A very short background. DH and I have been married for 7yrs, have one small child and hoping to have another one soon. Our marriage has been pretty good, ups & downs like normal. There was a time when DH was friendlier than I was comfortable with, with a female coworker. Through a LOT of working it out, talking, marriage counseling, relationship books, we've moved past that time. But since they work together on a daily basis, I never fully forget that she's there. I do trust him and don't think he talks to her at all except for work stuff.

SO, that being said. We are in the process of showing our home (it's up for sale), closing in a new home and our work schedules lately have been insane. So it's been stressful. 

Last week, we got into a argument about nothing and we BOTH kind of snapped and said stuff in a really nasty tone.
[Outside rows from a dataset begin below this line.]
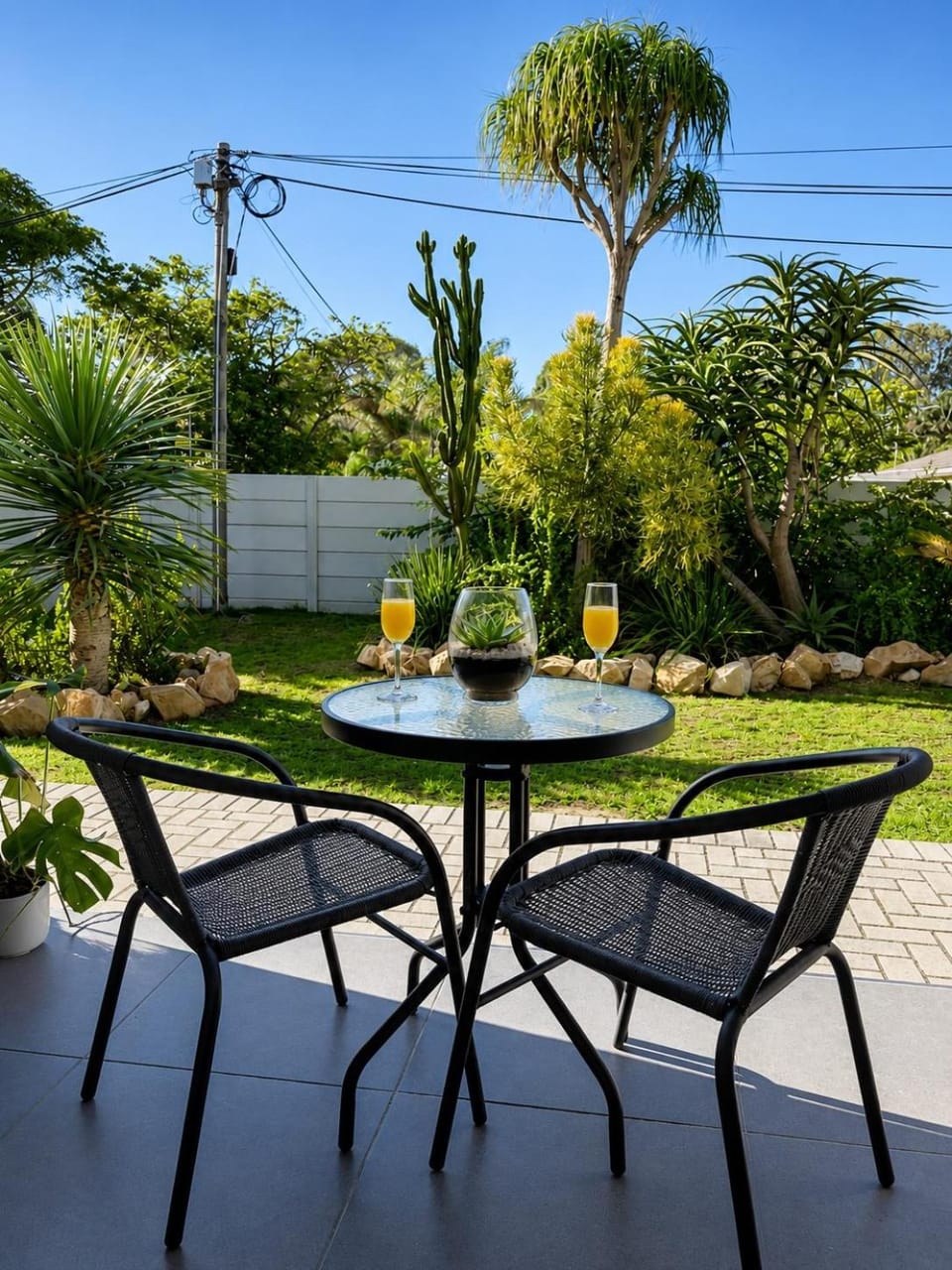 Patio, Day, Garden, Dining area, Garden view, Drinks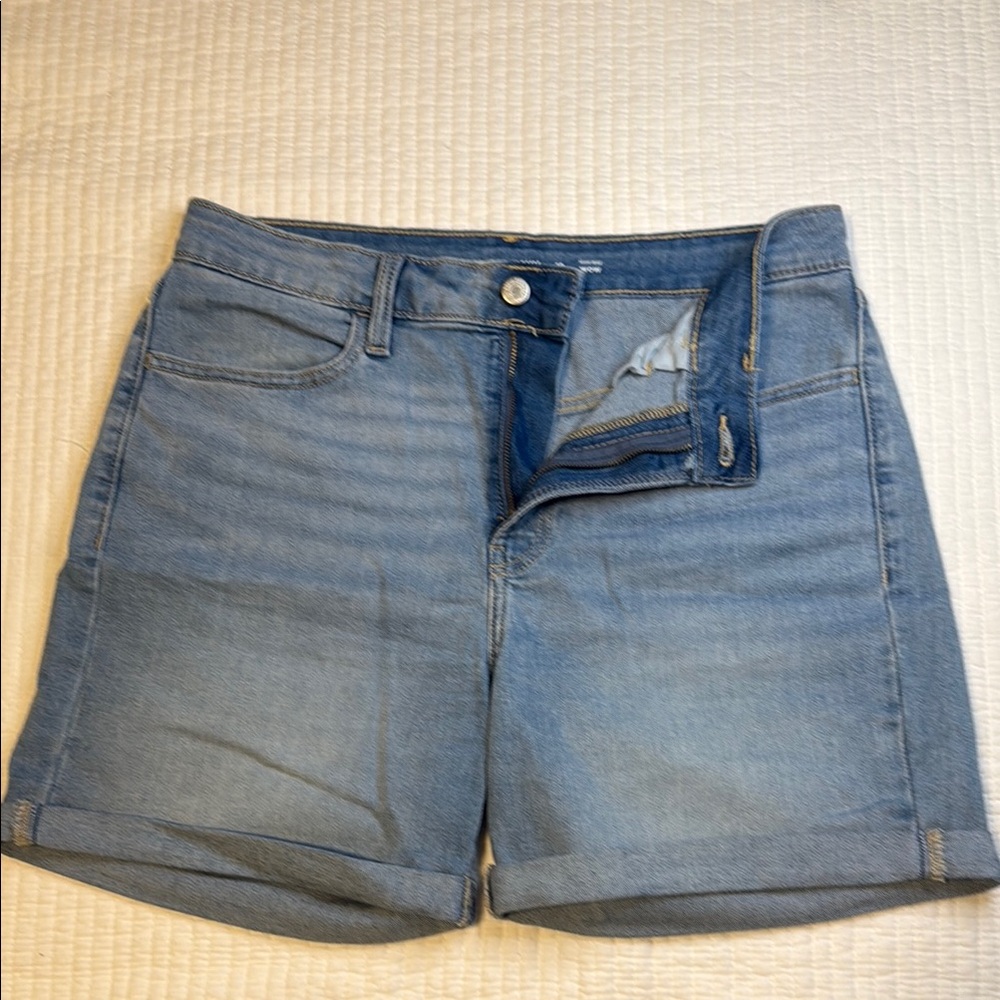 Old Navy High-Rise Wow Blue Jean Shorts Mid-Thigh Classic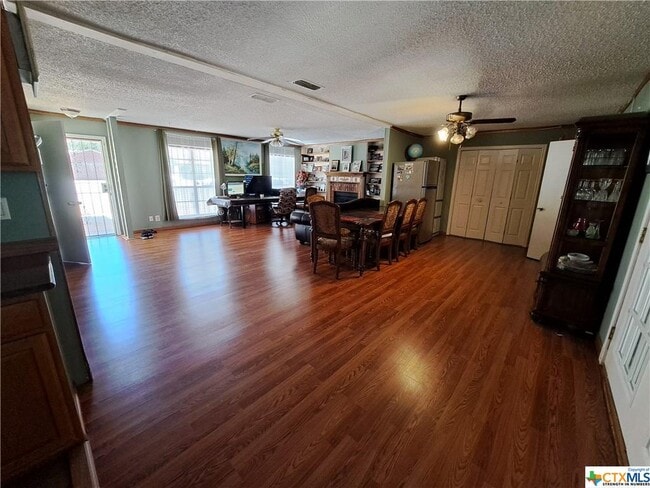 Building Photo - 2308 Lily Dr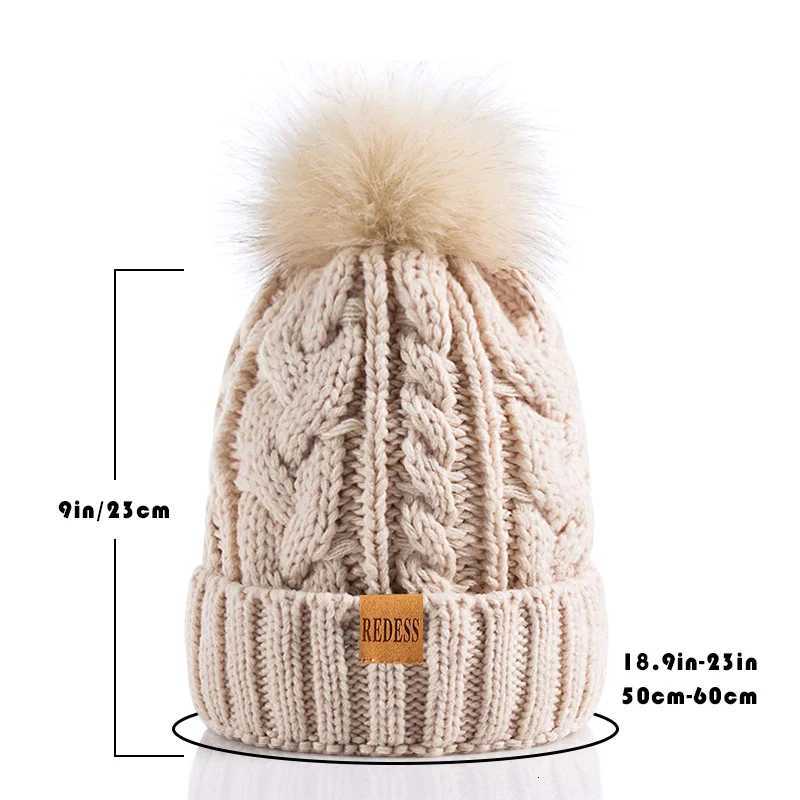 Women Winter Pompom Beanie Hat with Warm Fleece LinedSuitable for keeping warm when going skiing outsidetwo-piece setXJ251110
DH started to walk away (something he's been trying to get better with, walk away and not participate)...but I instigated and started bring up co-worker and took my phone and said I'm going to call that B and you can vent to her blah blah blah. I had the phone up looking for her contact #...
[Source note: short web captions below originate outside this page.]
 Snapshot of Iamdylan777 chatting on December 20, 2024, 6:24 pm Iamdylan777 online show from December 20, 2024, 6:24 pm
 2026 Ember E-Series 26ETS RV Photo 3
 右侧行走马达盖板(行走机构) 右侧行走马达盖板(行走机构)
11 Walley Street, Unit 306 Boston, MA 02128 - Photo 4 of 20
So DH walks back. I can see he's not upset/angered/hyped up and tries to grab the phone from me. He grabbed my wrists and took the phone out of my hands. I started yelling I can't believe you grabbed my wrists and went to the other side of the room and said I was going to call her again...he came back and stood in front of me and said "Don't call" repeatedly...I was crying and told him to get out of my face etc. 

It was probably the worst fight we've ever had. DH ended up leaving in his car and going for a drive for almost the whole night. Our kid heard us/me crying and started crying  I felt so bad, went in and told kid it's ok, everything is ok, sometimes mommy & daddy argue but everything is ok. Kid falls asleep.

I call DH, we both acknowledge it was a horrible fight and now DH thinks because he did that (grabbed my wrists) that he's so disappointed with himself, is really down about the whole thing, doesn't know if staying with me is the best thing because he never thought he would do that and he did. 

I always said if anyone was physical with me I'd be done. BUT I also acknowledge that I instigated and he's never done that before. And I know if I didn't do that that wouldn't have happened. I am not minimizing what he did because he still had no right to do that BUT I think amidst all the stress, we both kind of snapped. Doesn't make it ok, but I think we can work through it.

So we had a few nights of being up all night talking, me crying for hours because I thought this was it, we were done. But we decided we are worth working through this and we want to be together. I feel like some stuff has to change though, but not sure about specifics...

MC again? Not so much time in between sessions this time though

IC for him? Or something like anger management? I don't know...

I'm going to finish reading 7 Language of love (only read part of it earlier this year). Any other book suggestions?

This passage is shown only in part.